Pada waktu mereka turun dari gunung itu, Yesus berpesan kepada mereka, supaya mereka jangan menceriterakan kepada seorangpun apa yang telah mereka lihat itu, sebelum Anak Manusia bangkit dari antara orang mati.
Mereka memegang pesan tadi sambil mempersoalkan di antara mereka apa yang dimaksud dengan “bangkit dari antara orang mati.”
Lalu mereka bertanya kepada-Nya: “Mengapa ahli-ahli Taurat berkata, bahwa Elia harus datang dahulu?”
Jawab Yesus: “Memang Elia akan datang dahulu dan memulihkan segala sesuatu. Hanya, bagaimanakah dengan yang ada tertulis mengenai Anak Manusia, bahwa Ia akan banyak menderita dan akan dihinakan?
Tetapi Aku berkata kepadamu: Memang Elia sudah datang dan orang memperlakukan dia menurut kehendak mereka, sesuai dengan yang ada tertulis tentang dia.”
Renungan
Hal yang menggelitik dari peristiwa yang ditulis Markus dan biasa dikenal dengan istilah transfigurasi Yesus di Gunung Tabor ini adalah ketika tiba-tiba Bapa berseru dari langit, “Inilah Anak yang Kukasihi, dengarkanlah Dia.”
Yakinkah kita bahwa Ia adalah Anak Allah?
Benarkah Ia dikasihi Bapa?
Benarkah Ia layak untuk didengar?
Dua hari yang lalu, seorang kawan ‘seperjalanan’ bercerita bahwa ia tengah gundah. Adik perempuannya memutuskan pergi dari rumah dan tampaknya dalam waktu dekat nekat akan menikah dengan kekasihnya yang beragama lain. “Kemungkinan besar sih dia bakalan pindah agama, Mas…” cetusnya dalam percakapan di WA. Aku tak melihat langsung wajahnya saat menuliskan pesan itu, tapi aku merasakan kepedihannya.

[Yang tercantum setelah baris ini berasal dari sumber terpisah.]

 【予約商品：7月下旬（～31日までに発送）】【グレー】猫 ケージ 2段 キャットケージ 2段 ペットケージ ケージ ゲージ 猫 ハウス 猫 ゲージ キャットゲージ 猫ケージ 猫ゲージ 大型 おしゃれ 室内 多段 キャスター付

Jika hidup beragama itu layaknya pertandingan sepakbola, tentu aku akan menyarankan sebisa mungkin jangan sampai adiknya pindah agama. Ibaratnya seperti pemain sepakbola yang pindah klub karena iming-iming gaji dan transfer yang lebih tinggi dari grup yang sekarang!

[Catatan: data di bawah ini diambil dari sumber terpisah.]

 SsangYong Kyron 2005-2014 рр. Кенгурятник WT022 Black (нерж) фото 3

Tapi kebenaran agama itu menurutku tak bisa hanya ditinjau dari sisi komunal, dari banyak-sedikitnya umat yang memeluk. Nilai-nilai keagamaan akan tampak kokoh dan cemerlang ketika pribadi-pribadi yang memeluk menjadikannya sebagai landasan bersikap baik terhadap sesama dan memuliakan Tuhan!
“Artinya, kalau adikmu akhirnya pindah agama ya kita doakan saja supaya ia memutuskan dalam keadaan sadar; sadar pilihan dan sadar konsekuensinya.”
Lalu?
Mari disyukuri!
Hah? Disyukuri?
Iya, bukankah sebagai orang Katolik kita diminta bersyukur di setiap waktu?!
Lalu apa yang bisa disyukuri dari peristiwa itu? Bersyukur karena justru dengan kejadian itu kita diberi waktu untuk mempertanyakan dan menguji iman kita sendiri terkait ketiga pertanyaan di atas.
Yakinkah kita bahwa Yesus adalah Anak Allah? Kalau betul kenapa Ia mengijinkan adiknya pindah keyakinan?
Betulkah Ia yang dikasihi Allah? Kalau betul kenapa adiknya masih mencari sosok lain yang tidak lebih dikasihi Allah daripada Yesus?
Betulkah Ia layak didengar? Kalau betul kenapa adiknya malah tutup telinga dan berlari begitu saja daripadaNya?
Hayo! Pertanyakan imanmu setiap waktu supaya kokoh karena tempaan bukan kuat karena pencitraan saja!